LeetCode_141. Linked List Cycle
141. Linked List Cycle
Given a linked list, determine if it has a cycle in it.
To represent a cycle in the given linked list, we use an integer pos
which represents the position (0-indexed) in the linked list where tail connects to.
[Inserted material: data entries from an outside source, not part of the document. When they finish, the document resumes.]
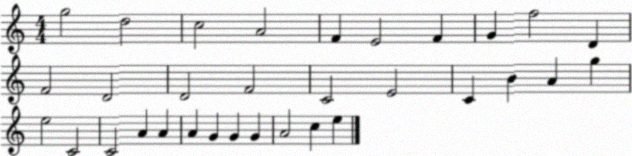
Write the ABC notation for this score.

X:1
T:Untitled
M:4/4
L:1/4
K:C
g2 d2 c2 A2 F E2 F G f2 D F2 D2 D2 F2 C2 E2 C B A g e2 C2 C2 A A A G G G A2 c e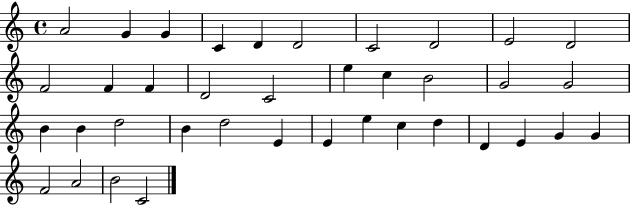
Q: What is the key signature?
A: C major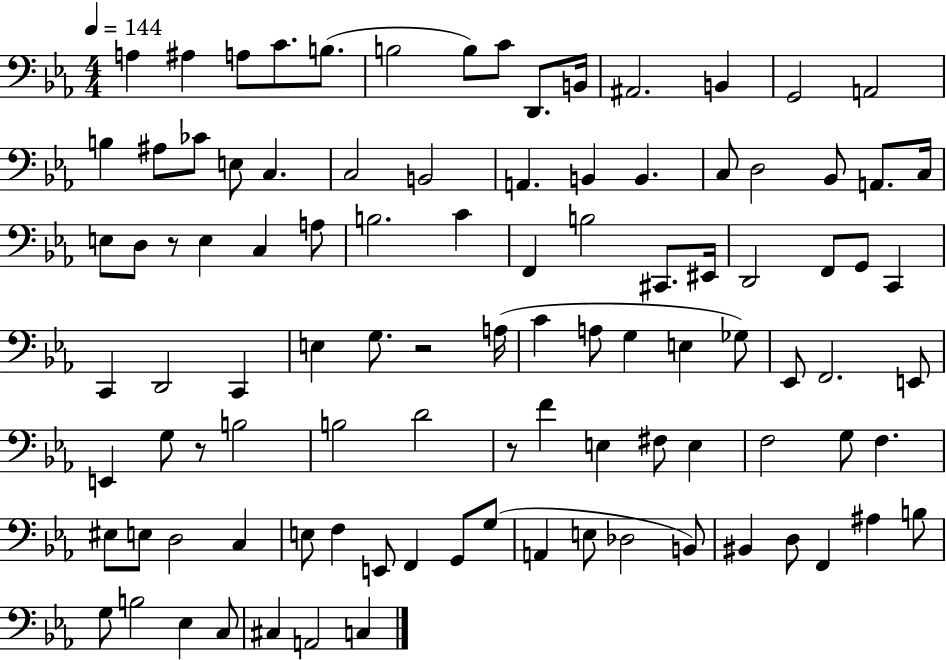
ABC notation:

X:1
T:Untitled
M:4/4
L:1/4
K:Eb
A, ^A, A,/2 C/2 B,/2 B,2 B,/2 C/2 D,,/2 B,,/4 ^A,,2 B,, G,,2 A,,2 B, ^A,/2 _C/2 E,/2 C, C,2 B,,2 A,, B,, B,, C,/2 D,2 _B,,/2 A,,/2 C,/4 E,/2 D,/2 z/2 E, C, A,/2 B,2 C F,, B,2 ^C,,/2 ^E,,/4 D,,2 F,,/2 G,,/2 C,, C,, D,,2 C,, E, G,/2 z2 A,/4 C A,/2 G, E, _G,/2 _E,,/2 F,,2 E,,/2 E,, G,/2 z/2 B,2 B,2 D2 z/2 F E, ^F,/2 E, F,2 G,/2 F, ^E,/2 E,/2 D,2 C, E,/2 F, E,,/2 F,, G,,/2 G,/2 A,, E,/2 _D,2 B,,/2 ^B,, D,/2 F,, ^A, B,/2 G,/2 B,2 _E, C,/2 ^C, A,,2 C,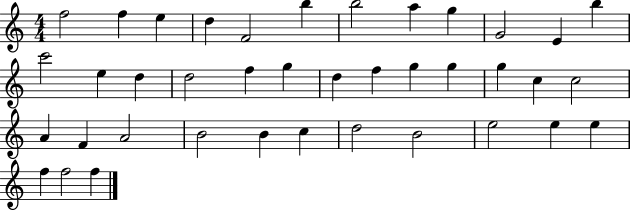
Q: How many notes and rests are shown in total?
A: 39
If pos
is -1
, then there is no cycle in the linked list.
Example 1:
Input: head = [3,2,0,-4], pos = 1
Output: true
Explanation: There is a cycle in the linked list, where tail connects to the second node.
Example 2:
Input: head = [1,2], pos = 0
Output: true
Explanation: There is a cycle in the linked list, where tail connects to the first node.
Example 3:
Input: head = [1], pos = -1
Output: false
Explanation: There is no cycle in the linked list.
Follow up:
Can you solve it using O(1) (i.e. constant) memory?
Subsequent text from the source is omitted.